26/01/2014

Je n'en peux plus, je le quitte.

divorce,quitter son père et sa mère,recommencementL'adage que répétait mon père, résonnait dans ma tête, une fois encore. Je me l'étais déjà répété mais après mon choix personnel. "Ah ! Si je l'avais compris, ma vie aurait sans doute été bien différente."

Mais le  temps était passé pour repartir à zéro, mon travail de père, de mari était accompli.

Cette phrase m'était revenue suite aux décisions de deux de mes enfants, de quitter leurs conjoints respectifs.

" Marie-toi à ta porte, avec des gens de ta sorte ! "

Phrase familiale ? Sagesse populaire sans doute ?

L'avait-il exprimée pour parler de son couple, de son expérience. Je ne le saurais jamais, il était bien trop tard. La phrase restait présente, en arrière-plan pourtant, dans le tumulte de la vie et des événements qui se suivent sans trop que je sache pourquoi.

Mon ainée s'était fixée à la campagne dans une atmosphère proche de celle de mon enfance, curieusement car son univers familial était bien différent, s'apparentant plus à la ville qu'à la campagne. Ils avaient fait leur nid à portée de fusil, des parents de son compagnon, presque sous leur tutelle ou du moins selon leur mode de vie et de pensées.

Ma fille avait fait comme ma mère qui avait quitté l'atmosphère de la ville pour s'installer à la campagne, dans la maison de son mari, à deux pas de sa belle-mère.

Le parallélisme entre leur situation et celle de ma mère m'apparaissait comme évident, à présent, que leur couple battait de l'aile. Elle était rentrée, comme maman dans un monde particulier avec lequel elle n'avait aucune attache et elle l'avait endossé, avec la charge de trois enfants.

En tant que mère la situation de ma fille était idéale, les services de dépannage à proximité lui permettaient d'assumer sa profession de manière plus facile. Mais quel en avait été le poids, le tribu?

Avait-elle payé l'inadéquation entre son milieu de vie et ses aspirations, par ses problèmes de santé, et l'entrée en dépression pour l'univers de femmes qu'elle avait dû sacrifier.

Une génération n'est pas l'autre, mais les points communs entre ma mère et ma fille me frappaient l'esprit. Y avait-il eu transmission d'un schéma de vie vers elle, par moi ? Voulait-elle résoudre un conflit latent qui s'était installé dans le passé ?

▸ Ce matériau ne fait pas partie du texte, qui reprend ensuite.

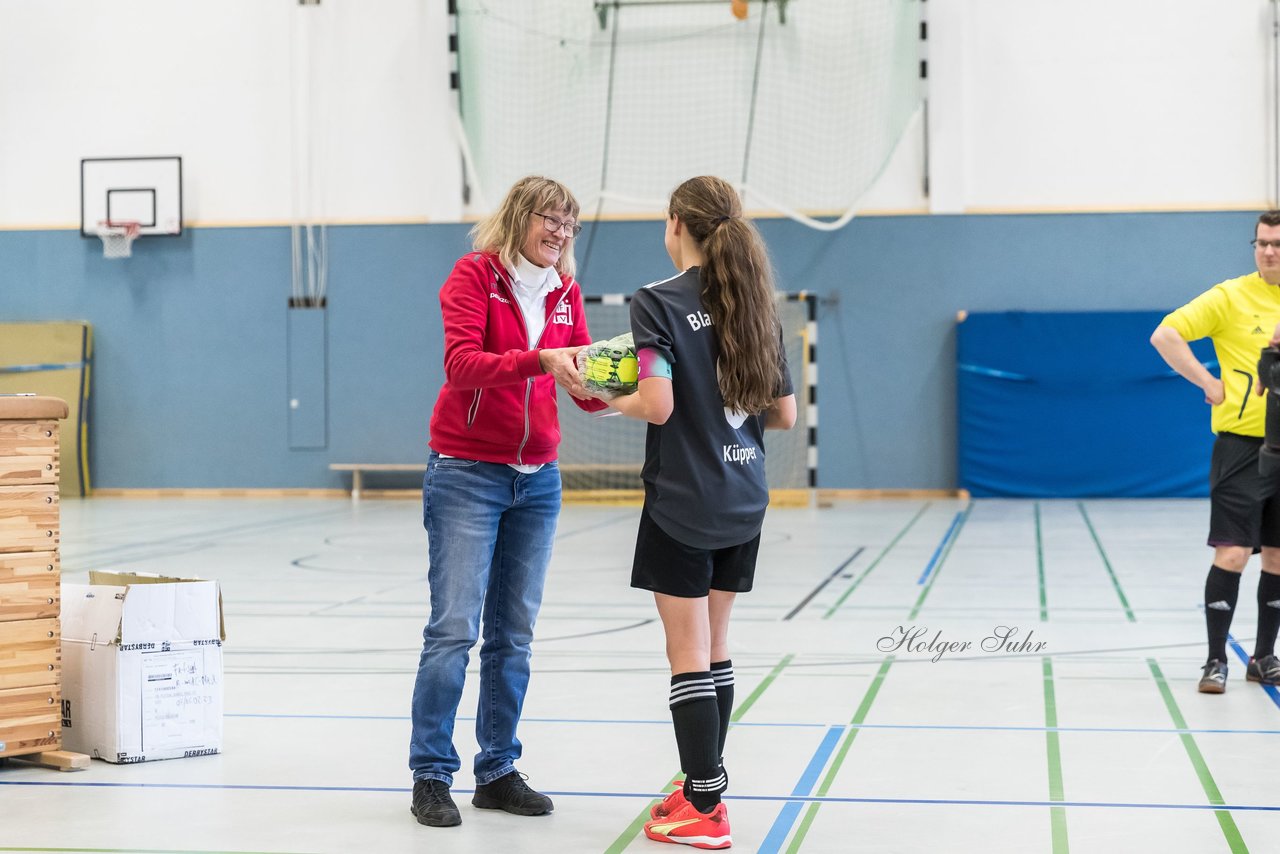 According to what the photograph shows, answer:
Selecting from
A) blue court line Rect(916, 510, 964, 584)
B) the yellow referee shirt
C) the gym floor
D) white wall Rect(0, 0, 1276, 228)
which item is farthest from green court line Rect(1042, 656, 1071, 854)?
white wall Rect(0, 0, 1276, 228)

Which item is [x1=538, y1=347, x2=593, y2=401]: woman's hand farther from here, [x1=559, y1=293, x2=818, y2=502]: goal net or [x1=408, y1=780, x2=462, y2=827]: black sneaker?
[x1=559, y1=293, x2=818, y2=502]: goal net

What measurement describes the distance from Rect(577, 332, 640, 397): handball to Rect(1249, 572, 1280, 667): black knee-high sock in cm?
323

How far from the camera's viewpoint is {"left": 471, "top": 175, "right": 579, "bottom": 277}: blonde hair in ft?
11.9

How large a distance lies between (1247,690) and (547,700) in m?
2.59

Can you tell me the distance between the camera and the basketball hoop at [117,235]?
16.9 meters

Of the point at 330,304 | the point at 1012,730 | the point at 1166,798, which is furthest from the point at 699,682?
the point at 330,304

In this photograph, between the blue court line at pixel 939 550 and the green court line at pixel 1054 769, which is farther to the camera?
the blue court line at pixel 939 550

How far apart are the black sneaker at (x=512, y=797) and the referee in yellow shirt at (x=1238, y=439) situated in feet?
9.09

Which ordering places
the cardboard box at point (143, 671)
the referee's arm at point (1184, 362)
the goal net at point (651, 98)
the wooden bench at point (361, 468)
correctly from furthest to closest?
the wooden bench at point (361, 468) < the goal net at point (651, 98) < the referee's arm at point (1184, 362) < the cardboard box at point (143, 671)

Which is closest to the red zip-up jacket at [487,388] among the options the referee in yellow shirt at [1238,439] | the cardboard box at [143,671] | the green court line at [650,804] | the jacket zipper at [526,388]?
the jacket zipper at [526,388]

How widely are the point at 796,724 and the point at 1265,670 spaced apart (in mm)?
1920

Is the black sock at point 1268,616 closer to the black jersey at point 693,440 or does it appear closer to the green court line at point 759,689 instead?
the green court line at point 759,689

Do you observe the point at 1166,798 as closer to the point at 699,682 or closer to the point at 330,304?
the point at 699,682

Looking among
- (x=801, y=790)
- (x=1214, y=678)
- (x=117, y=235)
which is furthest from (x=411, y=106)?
(x=801, y=790) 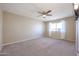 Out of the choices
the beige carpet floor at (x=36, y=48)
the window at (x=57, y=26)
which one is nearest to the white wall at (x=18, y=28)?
the beige carpet floor at (x=36, y=48)

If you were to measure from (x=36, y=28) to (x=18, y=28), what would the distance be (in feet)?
2.07

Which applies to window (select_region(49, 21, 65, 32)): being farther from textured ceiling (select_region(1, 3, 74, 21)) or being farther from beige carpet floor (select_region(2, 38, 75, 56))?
beige carpet floor (select_region(2, 38, 75, 56))

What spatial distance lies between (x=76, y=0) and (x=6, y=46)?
2.10 metres

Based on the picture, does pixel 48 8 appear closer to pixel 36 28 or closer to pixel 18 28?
pixel 36 28

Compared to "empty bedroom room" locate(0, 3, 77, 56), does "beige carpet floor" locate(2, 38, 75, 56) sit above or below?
below

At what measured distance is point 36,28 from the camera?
221 centimetres

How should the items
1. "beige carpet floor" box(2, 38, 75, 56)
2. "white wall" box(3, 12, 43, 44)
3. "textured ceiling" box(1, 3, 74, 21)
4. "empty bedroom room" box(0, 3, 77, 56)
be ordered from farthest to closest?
"white wall" box(3, 12, 43, 44) < "beige carpet floor" box(2, 38, 75, 56) < "empty bedroom room" box(0, 3, 77, 56) < "textured ceiling" box(1, 3, 74, 21)

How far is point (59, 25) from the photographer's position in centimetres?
175

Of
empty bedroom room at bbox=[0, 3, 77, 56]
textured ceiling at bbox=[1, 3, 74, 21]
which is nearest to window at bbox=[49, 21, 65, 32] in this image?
empty bedroom room at bbox=[0, 3, 77, 56]

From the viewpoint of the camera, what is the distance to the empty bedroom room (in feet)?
5.32

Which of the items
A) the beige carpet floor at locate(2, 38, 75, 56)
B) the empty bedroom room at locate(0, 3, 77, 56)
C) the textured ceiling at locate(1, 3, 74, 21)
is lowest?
the beige carpet floor at locate(2, 38, 75, 56)

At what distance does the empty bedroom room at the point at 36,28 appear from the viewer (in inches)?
63.8

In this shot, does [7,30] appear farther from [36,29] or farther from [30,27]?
[36,29]

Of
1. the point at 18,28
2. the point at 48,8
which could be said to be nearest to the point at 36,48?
the point at 18,28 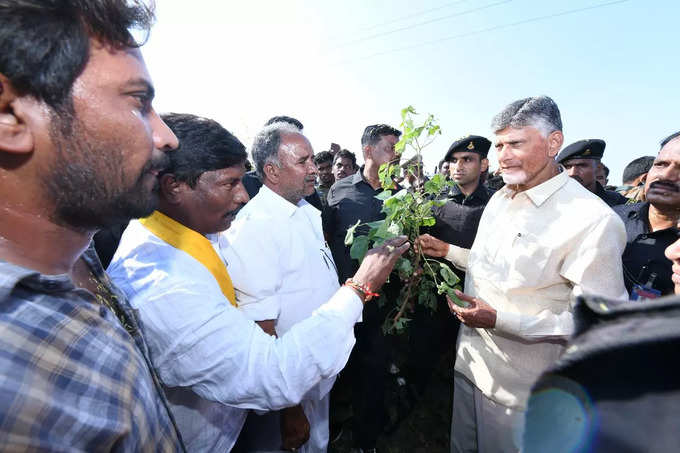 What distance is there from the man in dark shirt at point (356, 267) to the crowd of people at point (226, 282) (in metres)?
0.90

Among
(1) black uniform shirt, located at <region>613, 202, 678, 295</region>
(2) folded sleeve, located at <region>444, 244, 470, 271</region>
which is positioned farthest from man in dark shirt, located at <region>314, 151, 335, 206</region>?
(1) black uniform shirt, located at <region>613, 202, 678, 295</region>

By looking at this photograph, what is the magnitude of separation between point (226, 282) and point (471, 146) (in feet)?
12.3

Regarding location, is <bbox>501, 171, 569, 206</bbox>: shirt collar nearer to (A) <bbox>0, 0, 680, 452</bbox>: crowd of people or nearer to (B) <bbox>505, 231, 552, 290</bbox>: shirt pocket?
(A) <bbox>0, 0, 680, 452</bbox>: crowd of people

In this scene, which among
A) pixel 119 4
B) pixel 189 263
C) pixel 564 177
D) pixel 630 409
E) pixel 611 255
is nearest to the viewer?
pixel 630 409

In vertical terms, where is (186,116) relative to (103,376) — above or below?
above

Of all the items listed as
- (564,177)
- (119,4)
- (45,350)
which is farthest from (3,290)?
(564,177)

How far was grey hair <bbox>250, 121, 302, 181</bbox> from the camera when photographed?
→ 259cm

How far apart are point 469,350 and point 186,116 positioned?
8.66 ft

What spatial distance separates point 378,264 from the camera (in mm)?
1911

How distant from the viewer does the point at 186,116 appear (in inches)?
68.0

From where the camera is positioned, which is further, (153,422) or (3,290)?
(153,422)

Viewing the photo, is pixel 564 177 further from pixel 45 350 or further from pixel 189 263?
pixel 45 350

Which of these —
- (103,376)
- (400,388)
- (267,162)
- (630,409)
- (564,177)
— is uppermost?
(564,177)

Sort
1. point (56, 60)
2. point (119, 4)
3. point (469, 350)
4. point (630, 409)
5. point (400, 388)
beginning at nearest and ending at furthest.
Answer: point (630, 409), point (56, 60), point (119, 4), point (469, 350), point (400, 388) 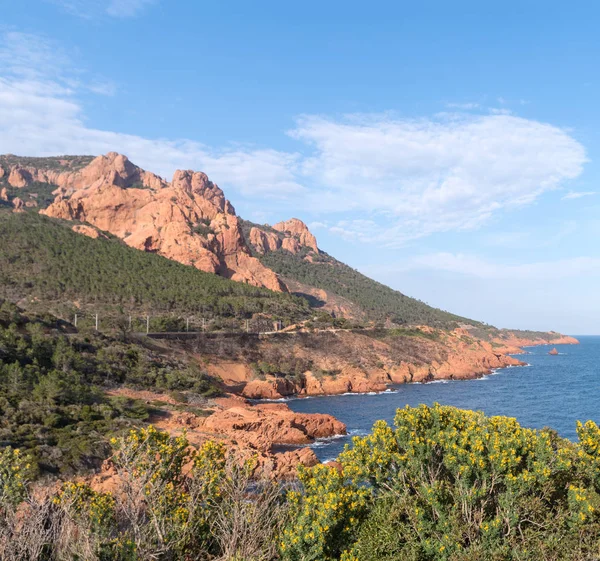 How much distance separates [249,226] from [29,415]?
15360 cm

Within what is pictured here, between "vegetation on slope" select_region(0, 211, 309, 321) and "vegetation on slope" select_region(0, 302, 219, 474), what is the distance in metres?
21.6

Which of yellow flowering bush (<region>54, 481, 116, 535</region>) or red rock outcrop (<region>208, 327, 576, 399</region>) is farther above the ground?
yellow flowering bush (<region>54, 481, 116, 535</region>)

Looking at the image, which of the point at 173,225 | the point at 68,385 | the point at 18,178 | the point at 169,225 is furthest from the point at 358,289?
the point at 68,385

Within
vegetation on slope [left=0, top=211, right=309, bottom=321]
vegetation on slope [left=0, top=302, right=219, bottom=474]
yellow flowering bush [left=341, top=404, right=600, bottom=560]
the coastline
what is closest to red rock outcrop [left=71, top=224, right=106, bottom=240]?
vegetation on slope [left=0, top=211, right=309, bottom=321]

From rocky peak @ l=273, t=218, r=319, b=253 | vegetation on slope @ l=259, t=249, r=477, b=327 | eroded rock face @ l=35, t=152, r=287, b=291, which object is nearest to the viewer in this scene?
eroded rock face @ l=35, t=152, r=287, b=291

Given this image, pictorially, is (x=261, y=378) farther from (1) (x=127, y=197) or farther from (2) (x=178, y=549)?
(1) (x=127, y=197)

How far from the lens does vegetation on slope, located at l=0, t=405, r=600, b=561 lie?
429 inches

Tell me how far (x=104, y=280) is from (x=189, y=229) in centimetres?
3498

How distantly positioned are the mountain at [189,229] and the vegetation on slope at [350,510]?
3872 inches

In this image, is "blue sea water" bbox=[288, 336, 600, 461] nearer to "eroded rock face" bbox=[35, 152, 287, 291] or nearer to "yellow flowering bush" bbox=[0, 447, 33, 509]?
"yellow flowering bush" bbox=[0, 447, 33, 509]

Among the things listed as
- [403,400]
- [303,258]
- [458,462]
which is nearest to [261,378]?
[403,400]

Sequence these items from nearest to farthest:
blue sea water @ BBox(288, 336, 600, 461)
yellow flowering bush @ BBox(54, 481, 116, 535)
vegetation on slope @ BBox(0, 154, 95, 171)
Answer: yellow flowering bush @ BBox(54, 481, 116, 535) < blue sea water @ BBox(288, 336, 600, 461) < vegetation on slope @ BBox(0, 154, 95, 171)

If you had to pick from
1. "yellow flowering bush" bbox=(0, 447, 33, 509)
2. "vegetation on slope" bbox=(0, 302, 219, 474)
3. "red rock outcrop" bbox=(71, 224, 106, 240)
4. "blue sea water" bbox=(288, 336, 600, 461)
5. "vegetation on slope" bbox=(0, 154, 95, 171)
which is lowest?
"blue sea water" bbox=(288, 336, 600, 461)

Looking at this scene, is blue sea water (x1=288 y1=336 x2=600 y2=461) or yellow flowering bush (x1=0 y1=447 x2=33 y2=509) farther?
blue sea water (x1=288 y1=336 x2=600 y2=461) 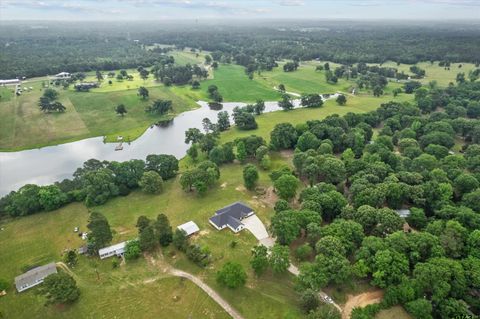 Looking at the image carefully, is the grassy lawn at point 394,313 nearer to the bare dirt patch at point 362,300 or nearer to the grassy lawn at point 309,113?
the bare dirt patch at point 362,300

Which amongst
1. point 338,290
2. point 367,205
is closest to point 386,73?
point 367,205

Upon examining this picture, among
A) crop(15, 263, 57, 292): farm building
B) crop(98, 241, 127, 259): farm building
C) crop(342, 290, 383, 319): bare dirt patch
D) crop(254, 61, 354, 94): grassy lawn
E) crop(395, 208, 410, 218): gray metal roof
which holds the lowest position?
crop(15, 263, 57, 292): farm building

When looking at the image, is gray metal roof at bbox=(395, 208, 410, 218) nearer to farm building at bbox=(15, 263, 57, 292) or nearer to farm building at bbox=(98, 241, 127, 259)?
farm building at bbox=(98, 241, 127, 259)

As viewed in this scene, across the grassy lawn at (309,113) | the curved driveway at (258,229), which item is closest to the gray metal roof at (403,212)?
the curved driveway at (258,229)

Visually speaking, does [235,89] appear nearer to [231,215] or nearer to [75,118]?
[75,118]

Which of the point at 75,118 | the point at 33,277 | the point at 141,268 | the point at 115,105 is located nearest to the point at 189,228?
the point at 141,268

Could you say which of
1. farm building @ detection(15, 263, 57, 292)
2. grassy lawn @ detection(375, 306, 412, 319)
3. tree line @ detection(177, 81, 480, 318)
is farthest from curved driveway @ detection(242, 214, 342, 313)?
farm building @ detection(15, 263, 57, 292) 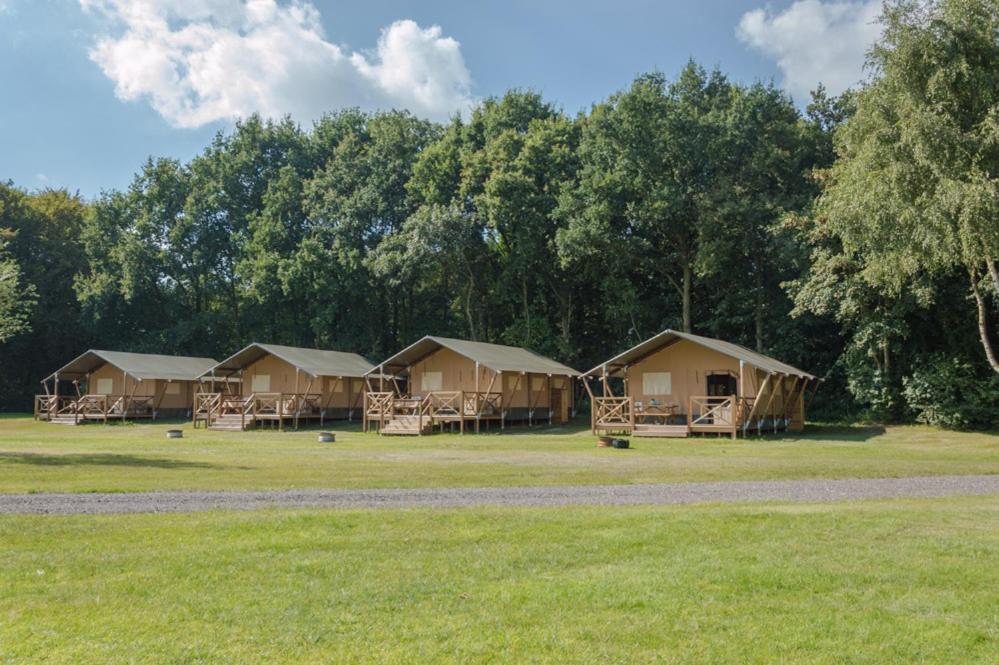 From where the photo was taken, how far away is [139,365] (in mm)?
42969

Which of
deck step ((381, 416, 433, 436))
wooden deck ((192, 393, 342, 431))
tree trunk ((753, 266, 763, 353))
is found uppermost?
tree trunk ((753, 266, 763, 353))

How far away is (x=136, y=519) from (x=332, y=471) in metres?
6.22

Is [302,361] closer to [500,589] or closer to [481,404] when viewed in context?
[481,404]

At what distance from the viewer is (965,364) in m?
29.3

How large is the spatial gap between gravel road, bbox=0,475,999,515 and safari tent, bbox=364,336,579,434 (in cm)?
1887

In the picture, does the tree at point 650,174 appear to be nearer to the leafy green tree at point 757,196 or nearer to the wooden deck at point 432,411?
the leafy green tree at point 757,196

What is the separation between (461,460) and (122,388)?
106ft

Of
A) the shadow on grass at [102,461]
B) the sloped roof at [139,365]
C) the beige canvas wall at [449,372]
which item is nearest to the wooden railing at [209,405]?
the sloped roof at [139,365]

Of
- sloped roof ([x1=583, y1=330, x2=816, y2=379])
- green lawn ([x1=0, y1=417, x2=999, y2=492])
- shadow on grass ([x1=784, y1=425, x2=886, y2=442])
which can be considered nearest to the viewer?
Result: green lawn ([x1=0, y1=417, x2=999, y2=492])

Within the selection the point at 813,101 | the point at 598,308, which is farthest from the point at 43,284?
the point at 813,101

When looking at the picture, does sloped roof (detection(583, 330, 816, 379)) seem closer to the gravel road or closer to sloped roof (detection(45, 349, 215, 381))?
the gravel road

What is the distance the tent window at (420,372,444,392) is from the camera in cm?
3624

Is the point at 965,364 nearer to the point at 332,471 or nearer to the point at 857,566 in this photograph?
the point at 332,471

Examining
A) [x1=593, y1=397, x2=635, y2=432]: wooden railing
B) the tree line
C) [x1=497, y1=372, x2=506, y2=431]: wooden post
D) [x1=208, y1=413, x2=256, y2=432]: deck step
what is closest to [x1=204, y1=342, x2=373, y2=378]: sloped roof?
[x1=208, y1=413, x2=256, y2=432]: deck step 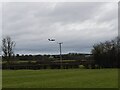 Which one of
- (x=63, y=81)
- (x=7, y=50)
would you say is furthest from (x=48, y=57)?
(x=63, y=81)

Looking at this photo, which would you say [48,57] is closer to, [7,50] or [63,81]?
[7,50]

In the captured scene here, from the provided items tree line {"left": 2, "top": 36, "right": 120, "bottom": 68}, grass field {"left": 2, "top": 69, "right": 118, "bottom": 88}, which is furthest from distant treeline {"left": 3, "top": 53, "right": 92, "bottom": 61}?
grass field {"left": 2, "top": 69, "right": 118, "bottom": 88}

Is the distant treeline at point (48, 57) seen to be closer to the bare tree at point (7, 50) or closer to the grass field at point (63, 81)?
the bare tree at point (7, 50)

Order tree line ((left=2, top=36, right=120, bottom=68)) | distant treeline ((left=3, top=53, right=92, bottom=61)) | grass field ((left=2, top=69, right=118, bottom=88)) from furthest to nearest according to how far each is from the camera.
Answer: distant treeline ((left=3, top=53, right=92, bottom=61)) → tree line ((left=2, top=36, right=120, bottom=68)) → grass field ((left=2, top=69, right=118, bottom=88))

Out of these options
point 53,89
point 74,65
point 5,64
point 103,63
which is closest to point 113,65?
point 103,63

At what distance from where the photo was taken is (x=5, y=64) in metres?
88.3

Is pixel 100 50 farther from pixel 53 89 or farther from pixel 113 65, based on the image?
pixel 53 89

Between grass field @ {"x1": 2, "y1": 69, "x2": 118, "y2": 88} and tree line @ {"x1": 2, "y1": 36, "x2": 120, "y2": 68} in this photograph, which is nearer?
grass field @ {"x1": 2, "y1": 69, "x2": 118, "y2": 88}

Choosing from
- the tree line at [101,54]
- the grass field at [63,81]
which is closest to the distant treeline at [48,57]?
the tree line at [101,54]

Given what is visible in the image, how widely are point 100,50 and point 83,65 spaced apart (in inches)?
507

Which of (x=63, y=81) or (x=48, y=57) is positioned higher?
(x=48, y=57)

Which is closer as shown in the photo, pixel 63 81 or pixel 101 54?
pixel 63 81

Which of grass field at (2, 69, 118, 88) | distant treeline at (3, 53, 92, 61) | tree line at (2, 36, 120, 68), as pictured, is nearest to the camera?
grass field at (2, 69, 118, 88)

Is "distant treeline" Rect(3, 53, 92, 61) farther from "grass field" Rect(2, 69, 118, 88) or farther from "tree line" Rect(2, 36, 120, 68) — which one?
"grass field" Rect(2, 69, 118, 88) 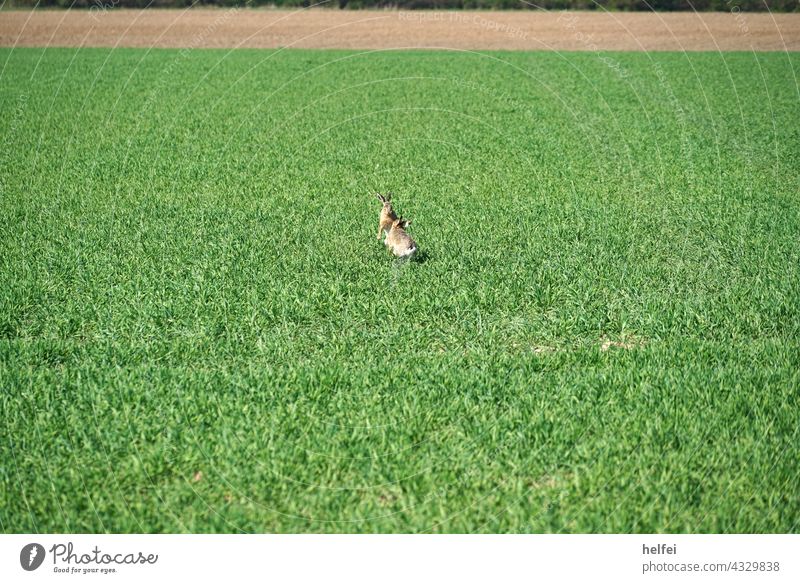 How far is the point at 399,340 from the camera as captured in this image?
879cm

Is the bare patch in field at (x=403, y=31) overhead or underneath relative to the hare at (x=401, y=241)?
overhead

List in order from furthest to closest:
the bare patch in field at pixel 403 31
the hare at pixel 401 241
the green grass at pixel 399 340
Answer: the bare patch in field at pixel 403 31
the hare at pixel 401 241
the green grass at pixel 399 340

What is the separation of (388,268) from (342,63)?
3519cm

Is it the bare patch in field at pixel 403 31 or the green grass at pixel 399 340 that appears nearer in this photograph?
the green grass at pixel 399 340

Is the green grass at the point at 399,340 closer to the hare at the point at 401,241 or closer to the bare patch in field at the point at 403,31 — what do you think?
the hare at the point at 401,241

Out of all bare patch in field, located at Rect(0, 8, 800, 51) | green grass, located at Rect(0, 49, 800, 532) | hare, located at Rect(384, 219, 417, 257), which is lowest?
green grass, located at Rect(0, 49, 800, 532)

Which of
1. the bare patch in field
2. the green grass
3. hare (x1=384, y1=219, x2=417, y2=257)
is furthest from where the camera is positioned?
the bare patch in field

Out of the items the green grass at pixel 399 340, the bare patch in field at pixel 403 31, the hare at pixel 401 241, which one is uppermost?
the bare patch in field at pixel 403 31

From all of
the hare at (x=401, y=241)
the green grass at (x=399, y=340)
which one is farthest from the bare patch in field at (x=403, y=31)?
the hare at (x=401, y=241)

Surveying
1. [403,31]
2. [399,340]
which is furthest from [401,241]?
[403,31]

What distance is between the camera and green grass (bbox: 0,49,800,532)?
602 cm

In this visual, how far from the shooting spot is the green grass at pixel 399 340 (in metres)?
6.02

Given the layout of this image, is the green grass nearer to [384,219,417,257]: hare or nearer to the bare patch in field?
[384,219,417,257]: hare

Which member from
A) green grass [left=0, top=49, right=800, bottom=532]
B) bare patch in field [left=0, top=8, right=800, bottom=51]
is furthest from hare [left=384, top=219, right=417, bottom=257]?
bare patch in field [left=0, top=8, right=800, bottom=51] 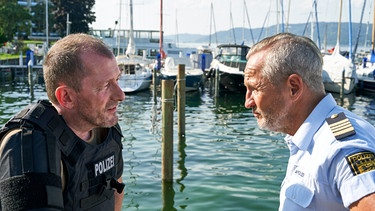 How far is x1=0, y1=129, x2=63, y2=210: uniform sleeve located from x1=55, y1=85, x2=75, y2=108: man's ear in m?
0.31

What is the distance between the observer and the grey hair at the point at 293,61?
196cm

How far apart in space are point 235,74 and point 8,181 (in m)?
23.7

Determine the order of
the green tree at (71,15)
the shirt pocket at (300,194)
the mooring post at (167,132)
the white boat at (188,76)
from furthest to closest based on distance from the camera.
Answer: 1. the green tree at (71,15)
2. the white boat at (188,76)
3. the mooring post at (167,132)
4. the shirt pocket at (300,194)

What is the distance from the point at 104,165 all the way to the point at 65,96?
1.60ft

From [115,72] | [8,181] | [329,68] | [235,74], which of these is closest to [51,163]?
[8,181]

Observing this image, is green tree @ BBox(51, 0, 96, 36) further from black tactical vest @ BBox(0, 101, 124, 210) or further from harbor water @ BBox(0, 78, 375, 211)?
black tactical vest @ BBox(0, 101, 124, 210)

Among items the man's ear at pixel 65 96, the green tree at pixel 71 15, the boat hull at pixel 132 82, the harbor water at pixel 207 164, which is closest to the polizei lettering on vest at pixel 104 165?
the man's ear at pixel 65 96

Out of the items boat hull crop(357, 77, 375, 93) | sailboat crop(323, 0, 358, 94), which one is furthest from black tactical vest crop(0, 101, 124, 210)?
boat hull crop(357, 77, 375, 93)

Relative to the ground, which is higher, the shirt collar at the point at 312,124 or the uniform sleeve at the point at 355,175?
the shirt collar at the point at 312,124

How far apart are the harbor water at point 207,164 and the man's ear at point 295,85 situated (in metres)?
5.12

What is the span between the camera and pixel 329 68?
82.5 feet

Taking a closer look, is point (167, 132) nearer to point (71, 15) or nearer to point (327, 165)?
point (327, 165)

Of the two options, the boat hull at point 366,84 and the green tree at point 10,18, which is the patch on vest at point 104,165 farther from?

À ces points communs pouvait s'ajouter cet héritage concernant leur santé et qui était un questionnement au sujet de non-dit.

Émergeait de ma mémoire, le placement de mon frère aîné vers sept-huit ans chez ma tante maternelle, soi-disant pour améliorer ses résultats scolaires par la fréquentation d'une école de ville. Indice d'un mal-être dans la famille et d'une impossibilité de la part de ma mère à gérer le quotidien.

La question de ce placement n'avait pas eu de réponse dans ma fratrie à part le fait, il n'y avait pas de sens mémorisé. Comment retrouver la vérité de l'histoire quand les mots n'ont pas été prononcés quand il le fallait ? Question santé, côté mère, j'avais mémorisé sa santé fragile du côté des bronches, et l'une ou l'autre bronchite qui l'avait affectée.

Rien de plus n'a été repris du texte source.